Constraining models of the tectonic setting of the giant Olympic Dam iron oxide–copper–gold deposit, South Australia, using deep seismic reflection data

In the Gawler Craton, the completeness of cover concealing the crystalline basement in the region of the giant Olympic Dam Cu–Au deposit has impeded any sufficient understanding of the crustal architecture and tectonic setting of its IOCG mineral-system. To circumvent this problem, deep seismic reflection data were recently acquired from ∼ 250 line-km of two intersecting traverses, centered on the Olympic Dam deposit. The data were recorded to 18 s TWT (∼ 55 km). The crust consists of Neoproterozoic cover, in places more than 5 km thick, over crystalline basement with the Moho at depths of 13–14 s TWT (∼ 40–42 km). The Olympic Dam deposit lies on the boundary between two distinct pieces of crust, one interpreted as the Archean–Paleoproterozoic core to the craton, the other as a Meso–Neoproterozoic mobile belt. The host to the deposit, a member of the ∼ 1590 Ma Hiltaba Suite of granites, is situated above a zone of reduced impedance contrast in the lower crust, which we interpret to be source-region for its ∼ 1000 °C magma.

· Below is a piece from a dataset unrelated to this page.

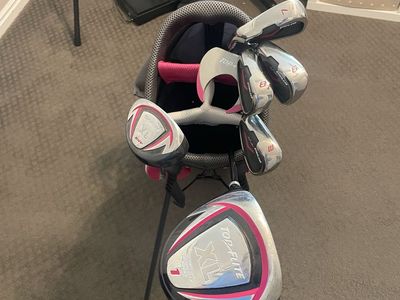 Top Flite XL Women's Golf Club Set w/ Bag, Driver, Irons, Putter, & Glove(left handed)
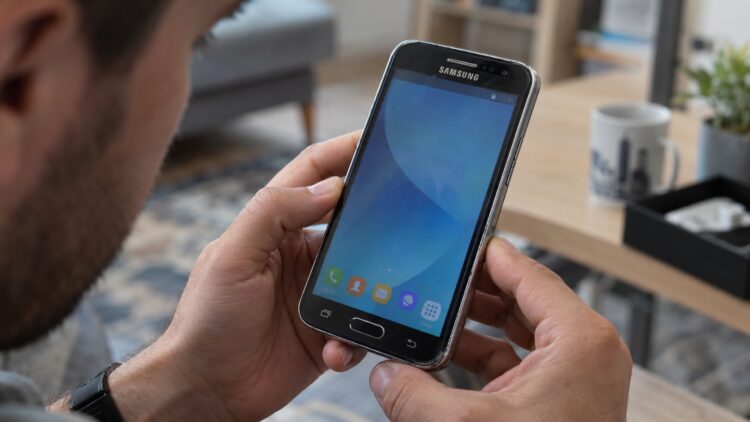Поддельный смартфон Samsung в руках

The crystalline basement is dominated by thrusts. This contrasts with widely held models for the tectonic setting of Olympic Dam, which predict extension associated with heat from the mantle producing the high temperatures required to generate the Hiltaba Suite granites implicated in mineralization. We use the seismic data to test four hypotheses for this heat-source: mantle underplating, a mantle-plume, lithospheric extension, and radioactive heating in the lower crust. We reject the first three hypotheses. The data cannot be used to reject or confirm the fourth hypothesis.